Spruchbild: Der Mensch ist eine Mitte zwischen Nichts und All,  ein Nichts vor dem Unendlichen,  im Al …

Der Mensch ist eine Mitte zwischen Nichts und All, ein Nichts vor dem Unendlichen, im All gegenüber dem Nichts.

Bedeutung

Pascal beschreibt die philosophische Position des Menschen zwischen zwei Extremen: Gegen das Unendliche ist er ein Nichts, gegen das absolute Nichts ist er ein Alles. Diese Mitte ist die menschliche Grundbedingung: zu groß, um unbedeutend zu sein, zu klein, um alles zu bedeuten. Das ist keine Demütigung, sondern eine präzise Verortung.
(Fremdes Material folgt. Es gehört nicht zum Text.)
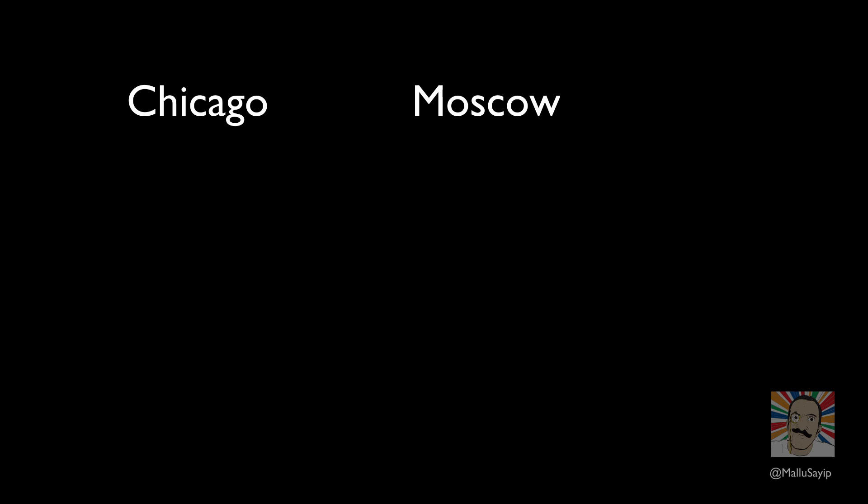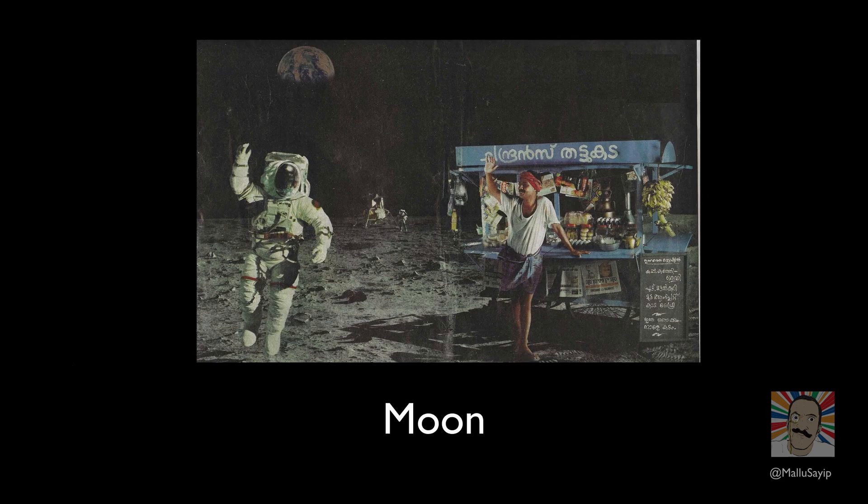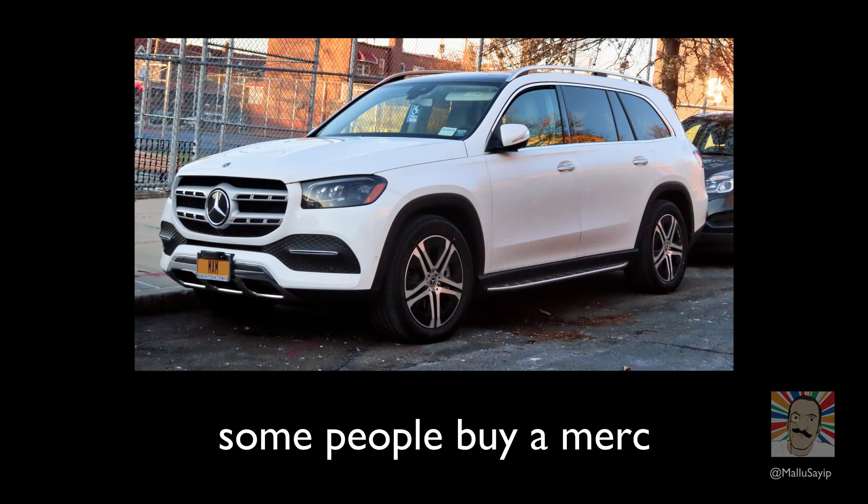From Chicago to Moscow, Dubai to Hanoi, Lesotho to Quito, even Dehradun to the moon, we go, live, work. Some leave their mark, some stay in close touch, some not so much.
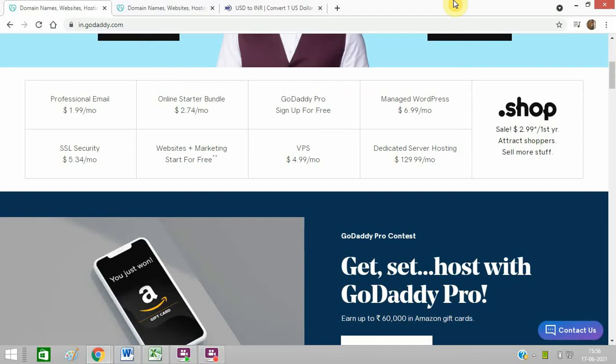Hello friends, today I will tell you how you can decrease price while purchasing a domain and hosting from GoDaddy.com.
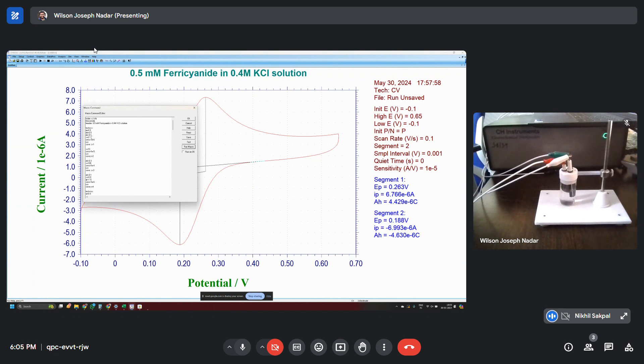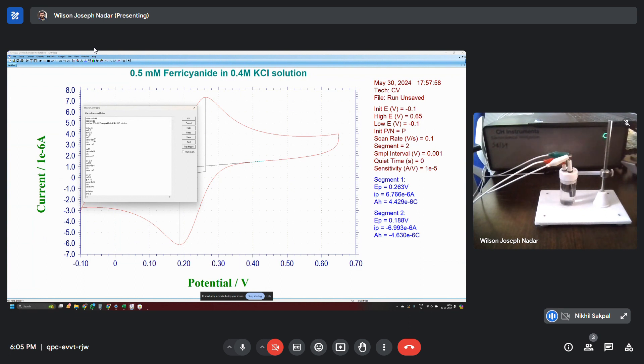And then sensitivity. SENS equals to 1 E to the power minus 6. E minus 6. If you write this, this will be in the sensitivity scale of 1 micro ampere. That can have a maximum current measurable capability of 10 micro ampere.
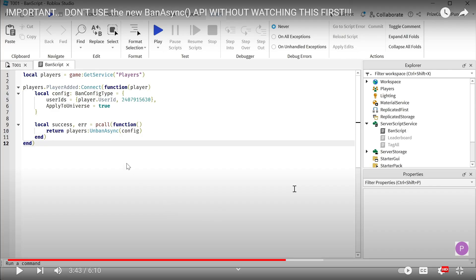Because I could use the unbanAsync API to unban myself from the game. But unfortunately, the unbanAsync did not work when the player is permanently banned from the game.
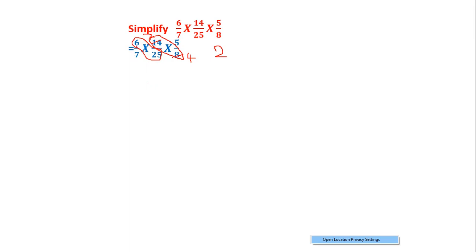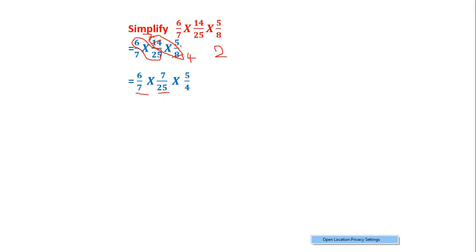Now I will write these down. In the first fraction I am left with 6/7. In the second fraction I am left with 7 in the numerator and 25 in the denominator. In the third fraction I am left with 5 in the numerator and 4 in the denominator.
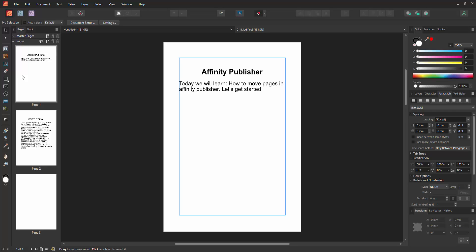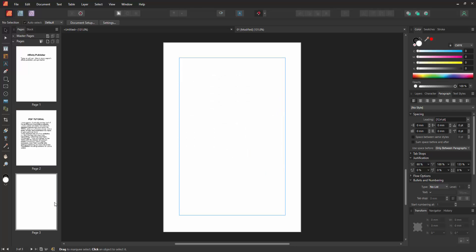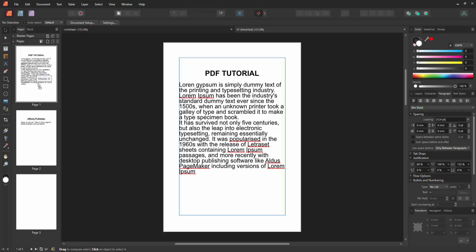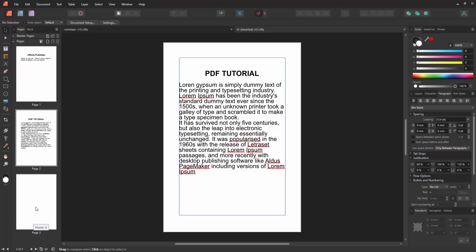Firstly, we have to open a publisher document and take some pages. Now we want to move this one page to another. Click this page and press on your mouse and move it top or down, etc. You can move any page very easily using this process.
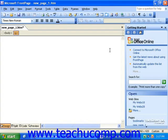FrontPage 2003 has a very helpful tool to assist you in quickly and easily finding help, applying themes and layouts, and accomplishing some other tasks. This is the task pane.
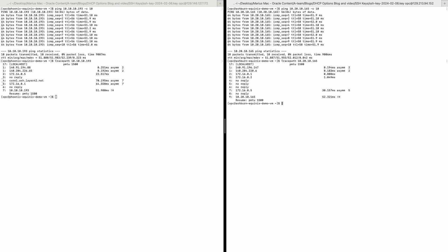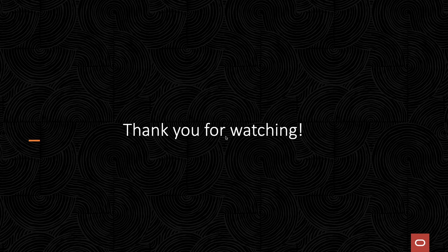As you can see, the connectivity tests are successful. With this, our demo is completed. Thank you for watching.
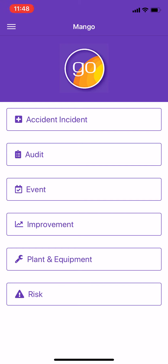Here's a short demo using the Mango compliance software app where we're going to talk through one of the new COVID-19 management checklists, which we've created in the audit module. This allows our management team that may visit a site or a location to check and be comfortable that our worksite and employees are following the correct measures.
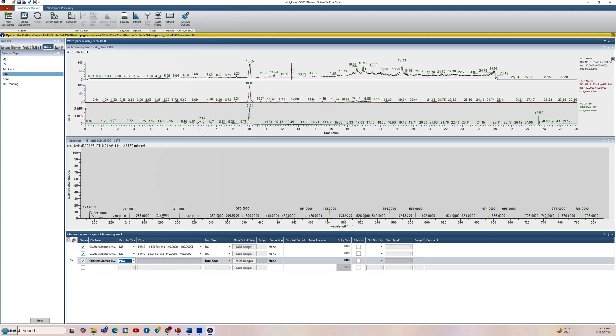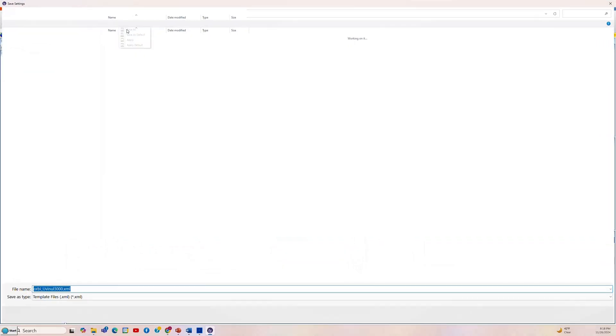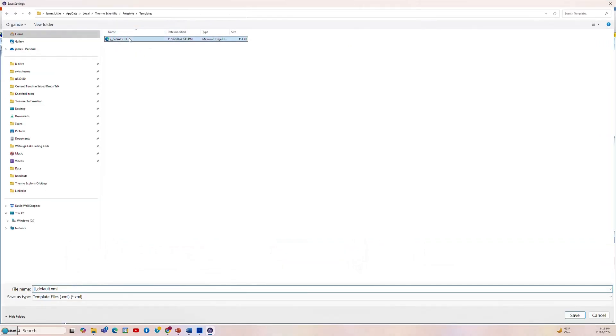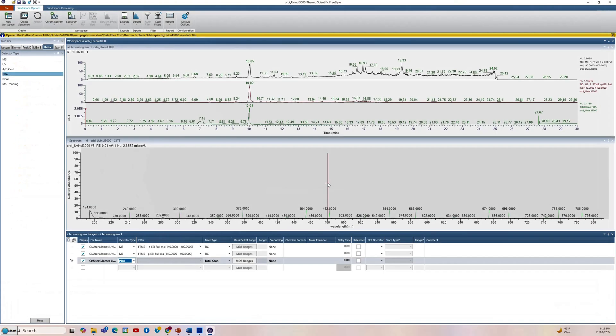So now if you look at the top, we have the positive on the top for the MS, the negative MS, and then the diode array. So what we need to do here is to save our layout. So we'll go to workspace options at the top. Go to layouts and say save as and we'll save it as JL default. I'll just overwrite one that I have there. We'll say yes. And now when we bring up a different data file, we'll have what we need and we won't have to go and do the setup the next time for every data file we open.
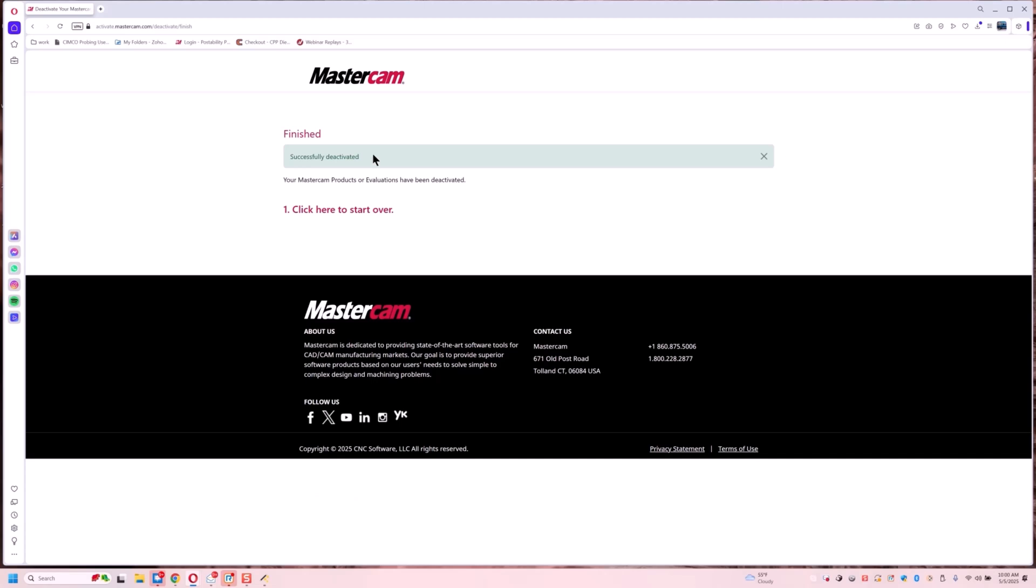So that is the steps to activate and deactivate an offline license. If you have any more questions, you can always reach out to us at support@QGEmanufacturing.com. And other than that, have a good day.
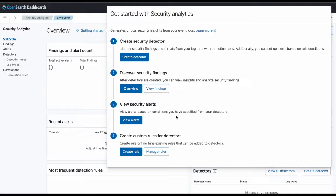Hello and welcome to Security Analytics in OpenSearch. Today I'm going to show you some different use cases using our Security Analytics detector and custom rules configured for your business needs to monitor and detect any event.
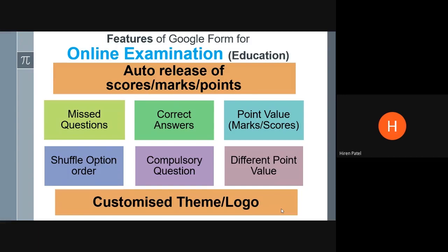Moving on to compulsory questions — you make the questions compulsory and students need to answer those questions. It is a facility for us whether we want to make it compulsory or not. Different point values means if you want different marks for different questions — easy questions get one mark, moderately difficult questions get two marks, and very difficult questions get three marks. Google facilitates different marks for different questions. Lastly, customize theme or logo, which will make your quiz more legitimate.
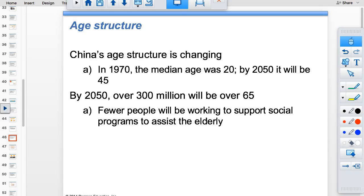China's situation is striking. When they started the one-child policy in 1970, the average age was about 20. By 2050 it will be 45. The equivalent of the entire US population in China will be over 65 in 2050, creating an enormous financial burden — which is largely why they moved to a two-child policy.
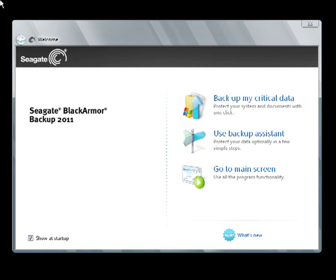This tutorial will demonstrate the steps required to set up a full disk and partition image backup plan using the Seagate BlackArmor Backup Application. To get started, launch the BlackArmor Backup Application using the icon placed on your desktop during the BlackArmor Discovery software installation. You can also find a shortcut to the application in the All Programs Seagate folder.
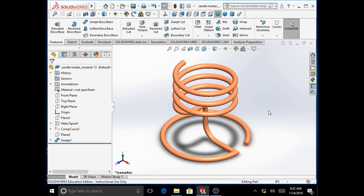This is a video demonstration of module 13 written by Muhammad Yunus and John O'Brien. It describes making a candle holder using the swept boss base feature in SOLIDWORKS 2018. The candle holder comprises a base and a helix on top of it to accommodate the candle. Different sketches and a helix will be combined to form a composite curve which acts as the path for the swept feature.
Der Mensch ist weder Gott noch Staub, sondern etwas dazwischen, was ihn einzigartig macht. Eine philosophische Einladung zur Bescheidenheit ohne Selbstverkleinerung.

Verwendung

Passend in philosophischen oder theologischen Gesprächen über menschliche Würde und kosmische Bescheidenheit. Geeignet für Reflexionstexte, Vorträge oder Essays über den Ort des Menschen im Universum. Auch treffend für persönliche Texte und Reden, die zwischen der Größe und Begrenztheit des Menschen ernsthaft nachdenken wollen.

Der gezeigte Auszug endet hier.